Saturday, April 23, 2011

Latin Lessons- Restructuring Greece's debt

The Greek economy has been faltering for a couple of years now and the situation isn't improving. The European Union is has not dealing decisively with this issue, which according to this article (in the Economist) is causing the situation to get worse as time passes.

The political landscape in Europe is such that German leaders are refusing to allow any debt restructuring because German banks hold majority of Greek debt. Allowing to do so would burden German tax payers. As Germany bears considerable clout in the EU, they usually get their way.

Politicians use such issue to benefit of their constituencies. This creates anger and makes the situation more difficult to fix.

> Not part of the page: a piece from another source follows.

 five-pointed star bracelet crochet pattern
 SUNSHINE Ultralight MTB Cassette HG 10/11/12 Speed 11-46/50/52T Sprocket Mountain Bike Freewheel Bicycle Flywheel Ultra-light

This Economist article argues that lessons should be learned from past experiences of US banks and US foreign policy towards Latin American countries. Uruguay and Mexico are 2 examples mentioned. Even though the situation isn't identical to the Latin American examples, it can be strongly argued that debt restructuring is necessary. Expecting Greece to pay back the loans at the original interest rates and at the current deadlines would be extremely misguided and unfair.

3 comments:

Wyatt H. said...

This is unfortunate that Greece is still struggling with the foreign creditors. The Germans are reluctant to provide any form of monetary assistance to the Greeks just because Greece ran into financial troubles. Looks like Greece will suffer for a lack of growth in their country. My concern is that if the Germans were willing to provide assistance to Greece, it might further signal other countries like Portugal and Ireland (I don't know much about Ireland's situation) to request for more money from the Germans, which would be too much of a burden. EU needs to increase a stricter regulation on these countries regarding the debt level and inflation rate.

Vincent Tung Tran said...

I think it is hard to solve the Greek problem over night. First of all, all of the EU members are bound together by the same monetary policy, thus, while the media constantly report about the Greek's weak economy, that problem has already transferred into other EU members. Second, sovereignty still play a major role as the Greek is not willing to fully open up for EU to intervene their economy. Therefore, the problem, though sounds simple, remains unsolved.

YeaJin said...

It looks like a new approach was needed to deal with Greek's debt problem and it has come to a point of talking about debt reconstruction, even defaulting. Definitely Germany can't bail out all the countries in trouble and I think setting EU rules stricter might prevent such happenings but something else is needed to help the countries that are in trouble right now.